# Math Help - Poiseuille's law?

1. ## Poiseuille's law?

Poiseuille's law describes the velocities of fluids flowing in a tube—for example, the flow of blood in a vein. This law applies when the velocities are not too large—more specifically, when the flow has no turbulence. In this case the flow is laminar, which means that the paths of the flow are all parallel to the tube walls. The law states that $v=k(R^2-r^2)$, where v is the velocity, k is a constant (which depends on the fluid, the tube, and the units used for measurement), R is the radius of the tube, and r is the distance from the centerline of the tube. Since k and R are fixed for any application, v is a function of r alone, and the formula gives the velocity at a point of distance r from the centerline of the tube

(a) What is r for a point along the walls of the tube?

(In so many words, this basicly means to get r by itself, right?)

(b) What is the velocity of the fluid along the walls of the tube?

(...Wait, it didn't give me a value? I'm going to take a wild guess and say the fluid along the wall is zero.)

2. Hello MathBane
Originally Posted by MathBane
Poiseuille's law describes the velocities of fluids flowing in a tube—for example, the flow of blood in a vein. This law applies when the velocities are not too large—more specifically, when the flow has no turbulence. In this case the flow is laminar, which means that the paths of the flow are all parallel to the tube walls. The law states that $v=k(R^2-r^2)$, where v is the velocity, k is a constant (which depends on the fluid, the tube, and the units used for measurement), R is the radius of the tube, and r is the distance from the centerline of the tube.

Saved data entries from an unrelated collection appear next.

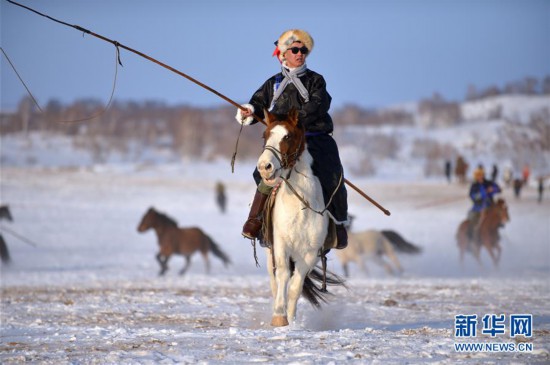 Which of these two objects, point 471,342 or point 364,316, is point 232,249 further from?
point 471,342

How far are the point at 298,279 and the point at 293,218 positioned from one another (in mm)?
581

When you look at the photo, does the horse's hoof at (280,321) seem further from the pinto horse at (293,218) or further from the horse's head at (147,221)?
the horse's head at (147,221)

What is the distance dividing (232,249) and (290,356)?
23.9 metres

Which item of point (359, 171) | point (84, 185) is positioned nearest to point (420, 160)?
point (359, 171)

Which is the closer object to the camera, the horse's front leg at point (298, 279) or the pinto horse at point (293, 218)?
the pinto horse at point (293, 218)

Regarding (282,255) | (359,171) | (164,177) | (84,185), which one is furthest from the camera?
(359,171)

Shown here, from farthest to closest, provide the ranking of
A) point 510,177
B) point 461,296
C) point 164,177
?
1. point 164,177
2. point 510,177
3. point 461,296

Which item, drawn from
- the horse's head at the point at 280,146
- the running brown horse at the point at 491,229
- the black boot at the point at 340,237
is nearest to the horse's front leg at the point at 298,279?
the black boot at the point at 340,237

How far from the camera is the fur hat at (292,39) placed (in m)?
7.54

Since k and R are fixed for any application, v is a function of r alone, and the formula gives the velocity at a point of distance r from the centerline of the tube

(a) What is r for a point along the walls of the tube?

(In so many words, this basicly means to get r by itself, right?)

(b) What is the velocity of the fluid along the walls of the tube?

(...Wait, it didn't give me a value? I'm going to take a wild guess and say the fluid along the wall is zero.)
(a) Read the question carefully. $r$ is the distance from the centre of the tube. The radius of the tube is $R$. So along the walls of the tube, $r = R$.

(b) You're right. When $r = R,\; v = 0$.